# Schutzenberger's evacuation and $\mu$-coefficient of Kazhdan–Lusztig polynomials

$$\def\SYT{\mathrm{SYT}}\def\RSK{\mathrm{RSK}}\DeclareMathOperator\evac{evac}$$Let $$\mathfrak{S}_n$$ be the symmetric group, $$\SYT_n$$ be the set of standard young tableaux of size $$n$$.

For $$u\in \mathfrak{S}_n$$, let $$\RSK:\mathfrak{S}_n\to \SYT_n^2$$ denote the Robinson-Schensted-Knuth correspondance.
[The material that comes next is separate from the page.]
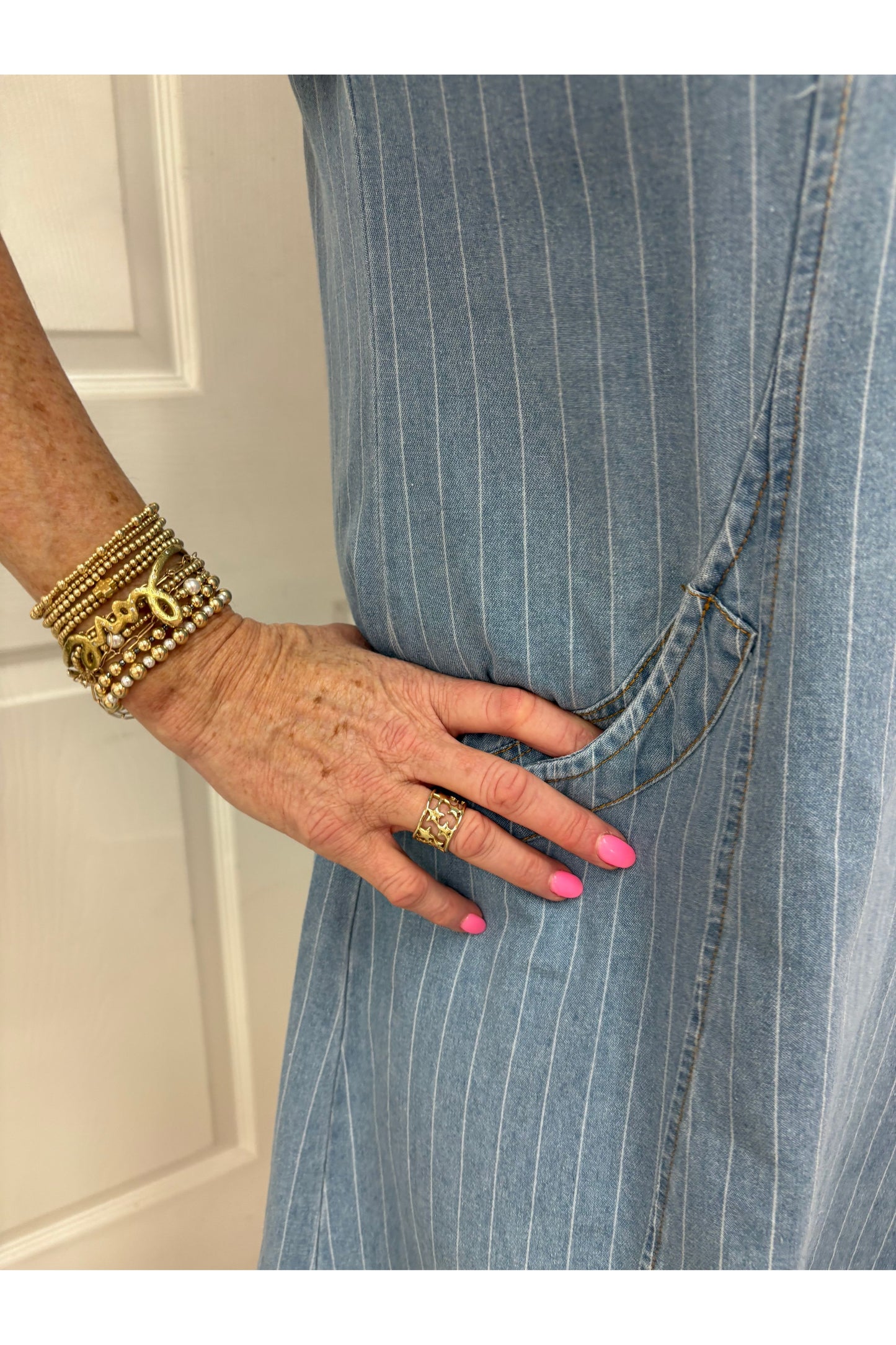 Light Denim Polo Collar Mini Dress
Let $$P_{u,w}(q)$$ be the Kazhdan-Lusztig polynomial and $$\mu_{u,w}=[q^{{(l(w)-l(u)-1)}/{2} }]P_{u,w}(q)$$.

Let $$\evac:\SYT_n\to \SYT_n$$ be Schutzenberger's involution.

Question: I am looking for a proof of the following proposition that Schutzenberger's involution preserves the $$\mu$$-coefficient:

Take $$u,w\in \mathfrak{S}_n$$, and let $$(P_1,Q_1)=\RSK(u)$$, $$(P_2,Q_2)=\RSK(w)$$. If we set $$\begin{gather*} u'=\RSK^{-1}(\evac(P_1),\evac(Q_1)) \\ w'=\RSK^{-1}(\evac(P_2),\evac(Q_2)), \end{gather*}$$ then we have $$\mu(u,w)=\mu(u',w').$$

• In the title: "evacuation"? – paul garrett Dec 13 '18 at 22:42
• Perhaps it follows from the fact that evacuation is basically conjugation by $w_0$, which is an automorphism of the Dynkin diagram? – Sam Hopkins Dec 13 '18 at 22:54
• You say "For $u \in \mathfrak S_n$, let $RSK$ …", but your definition of RSK doesn't refer to $n$. – LSpice Dec 14 '18 at 1:23

Let $$P^* = evac(P)$$. As noted above, if $$RSK(u)=(P,Q)$$, then $$RSK(w_0uw_0) = (P^*,Q^*)$$. Conjugation by $$w_0$$ induces an automorphism of the Hecke algebra sending $$T_x \mapsto T_{w_0 x w_0}$$ and $$c_x \mapsto c_{w_0 x w_0}$$, from which the result you want follows. However you might be interested that something stronger is true: if $$u=RSK^{-1}(P,Q)$$ and $$\sigma(u) = RSK^{-1}(P^*,Q)$$ then $$\mu(u,v)=\mu(\sigma(u),\sigma(v))$$. Similarly if $$\rho(u) = RSK^{-1}(P,Q^*)$$ then $$\mu(u,v)=\mu(\rho(u),\rho(v))$$.
This follows from a theorem of Mathas on the action of $$T_{w_0}$$ on cell representations. The relevant paper is Mathas, On the Left Cell Representations of Iwahori‐Hecke Algebras of Finite Coxeter Groups. Proposition 3.17 is the relevant result.